# Intermezzo in C mixolydian for solo piano



## schuberkovich

This is a short and simple piece I wrote earlier this year. I uploaded it to test out uploading to Youtube with score. Any feedback is welcome and appreciated.


----------



## amfortas

xxxxxBut
O O O O that Mixolyhedian Rag -
It's so elegant!
So intelligent!


----------



## Aramis

amfortas said:


> xxxxxBut
> O O O O that Mixolyhedian Rag -
> It's so elegant!
> So intelligent!


You're not from this section, get out.


----------



## Vasks

According to the end of the piece, it 's in F, not C mixolydian.


----------



## Mahlerian

You don't really stabilize the tonality at the end or resolve the tension. Even with the ending I still "hear" it being centered on C, just unresolved.


----------



## schuberkovich

Mahlerian said:


> You don't really stabilize the tonality at the end or resolve the tension. Even with the ending I still "hear" it being centered on C, just unresolved.

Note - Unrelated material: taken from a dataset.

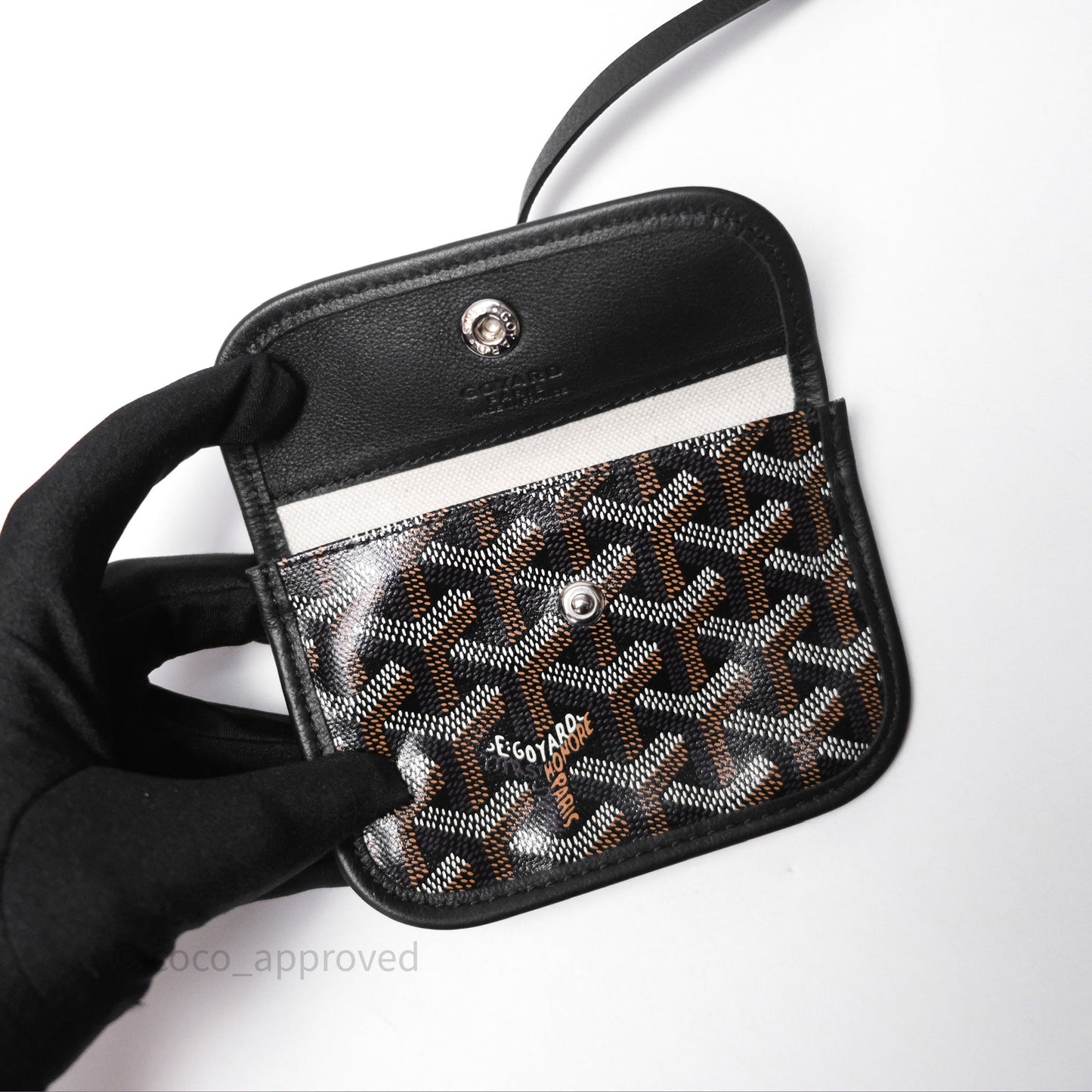 Goyard Anjou Mini Bag Goyardine Canvas Black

That was actually deliberate. The piece originally was going to be called something like 'The Compromise', since the dissonant/cross-rhythm stuff is never resolved and an alternate solution is reached, but I thought that the title sounded 'lame'.


----------



## schuberkovich

Vasks said:


> According to the end of the piece, it 's in F, not C mixolydian.

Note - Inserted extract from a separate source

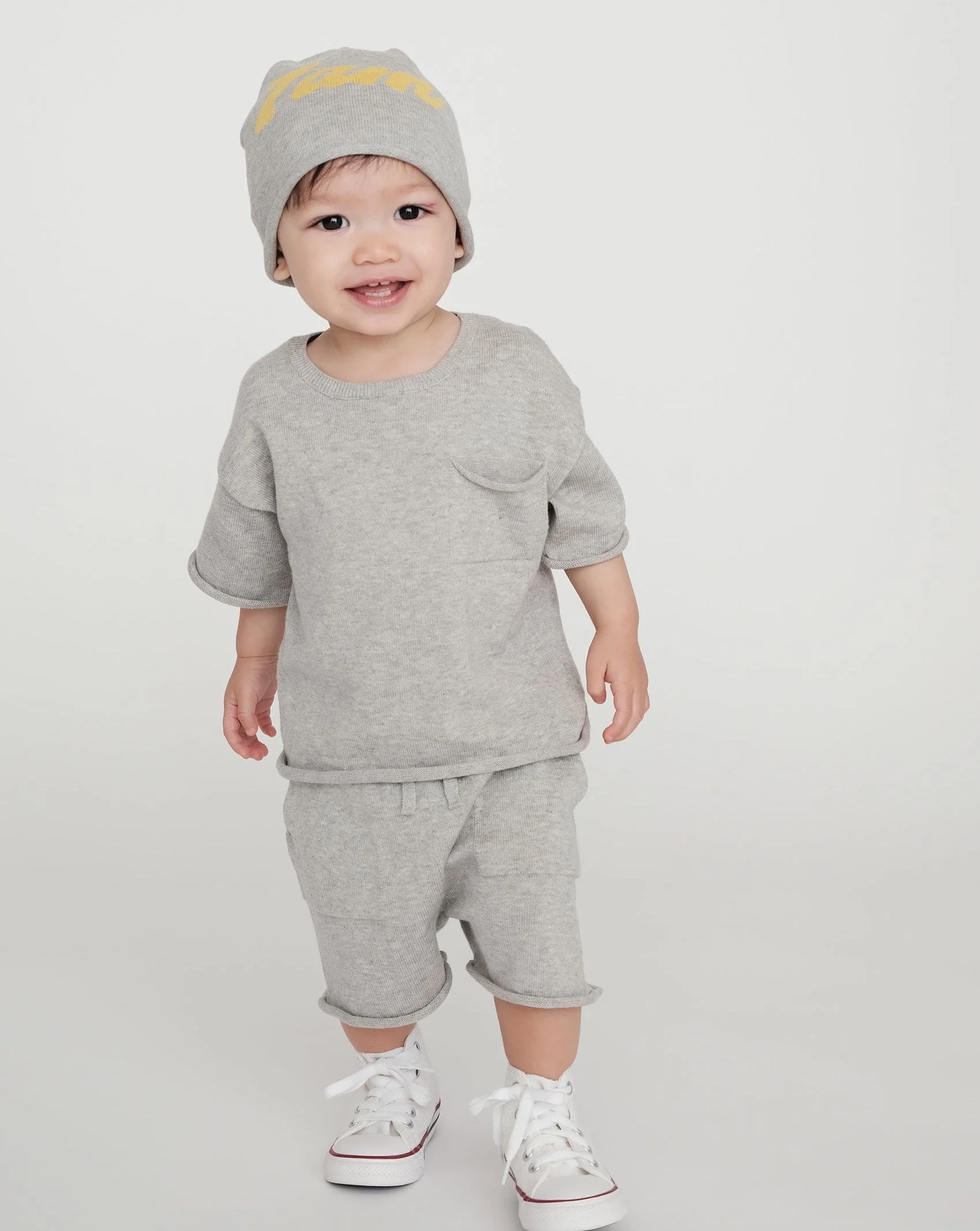 Boxy Cotton Tee Pocket | Heather Grey - Image 8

See the title on the video. I just forgot to put the whole title in the thread title.


----------



## schuberkovich

amfortas said:


> xxxxxBut
> O O O O that Mixolyhedian Rag -
> It's so elegant!
> So intelligent!


Erm...thanks?
15charssssss


----------



## PetrB

All I got, 12 July 2014 ~ "This Video is Private."


----------



## schuberkovich

PetrB said:


> All I got, 12 July 2014 ~ "This Video is Private."


Fixed

15 characters


----------



## Bruce

Very nice little piece. I particularly enjoy the little harmonic quirks you get by writing in the mixolydian mode. But the bass line seemed a little monotonous after a while, and I would prefer to hear a little more rhythmic variation in it.


----------